Methods for producing semi-solid thixotropic alloy slurries known in the prior art include mechanical stirring and inductive electromagnetic stirring. The processes for producing such a slurry with the proper structure require a balance between the shear rate imposed by the stirring and the solidification rate of the material being cast.
The mechanical stirring approach is best exemplified by reference to U.S. Pat. Nos. 3,902,544, 3,954,455, 3,948,650, 4,089,680, 4,108,643 all to Flemings et al. and 3,936,298 to Mehrabian et al. The mechanical stirring approach is also described in articles appearing in AFS International Cast Metals Journal, September, 1976, pages 11-22, by Flemings et al. and AFS Cast Metals Research Journal, December, 1973, pages 167-171, by Fascetta et al. In German OLS No. 2,707,774 published Sept. 1, 1977 to Feurer et al., the mechanical stirring approach is shown in a somewhat different arrangement.
In the mechanical stirring process, the molten metal flows downwardly into an annular space in a cooling and mixing chamber. Here the metal is partially solidified while it is agitated by the rotation of a central mixing rotor to form the desired thixotropic metal slurry for casting.
Inductive electromagnetic stirring has been proposed in U.S. Pat. No. 4,229,210 to Winter et al. Winter et al. use either AC induction or pulsed DC magnetic fields to produce indirect stirring of the solidifying alloy melt.

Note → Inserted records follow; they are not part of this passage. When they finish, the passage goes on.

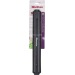 Couteaux à barre magnétique 38cm Quttin, barre de suspension pour ustensiles de cuisine Werbung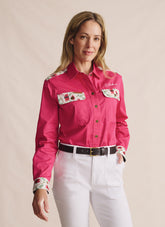 1SHW00026_BPINK_1_1743415190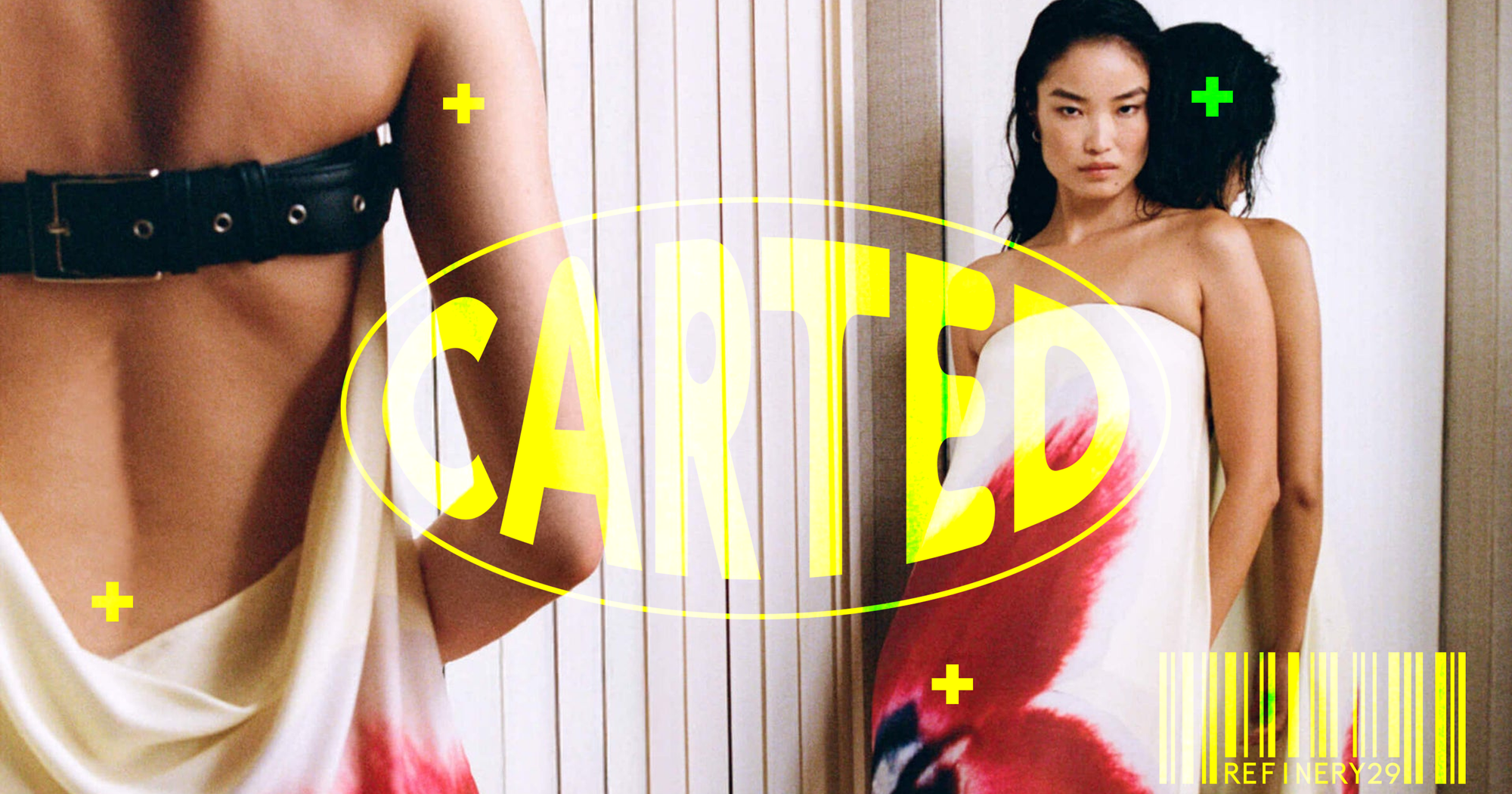 22 Bestsellers Refinery29 Readers Carted Up This Summer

There is a wide body of prior art dealing with electromagnetic stirring techniques applied during the casting of molten metal and alloys. U.S. Pat. Nos. 3,268,963 to Mann, 3,995,678 to Zavaras et al., 4,030,534 to Ito et al., 4,040,467 to Alherny et al., 4,042,007 to Zavaras et al., 4,042,008 to Alherny et al., and 4,150,712 to Dussart as well as an article by Szekely et al. entitled "Electromagnetically Driven Flows in Metal Processing", September, 1976, Journal of Metals, are illustrative of the art with respect to casting metals using inductive electromagnetic stirring provided by surrounding induction coils.
The use of rotating magnetic fields for stirring molten metal during casting is known as exemplified in U.S. Pat. Nos. 2,963,758 to Pestel et al. and 2,861,302 to Mann et al. and U.K. Pat. Nos. 1,525,036 and 1,525,545. Pestel et al. disclose both static casting and continuous casting wherein the molten metal is electromagnetically stirred by means of a rotating field. One or more multi-poled stators are arranged about the mold or solidifying casting in order to stir the molten metal to provide a fine grained metal casting. The mold may be constructed of austenitic cast iron, austenitic stainless steel, ceramic, etc. or a combination of such materials.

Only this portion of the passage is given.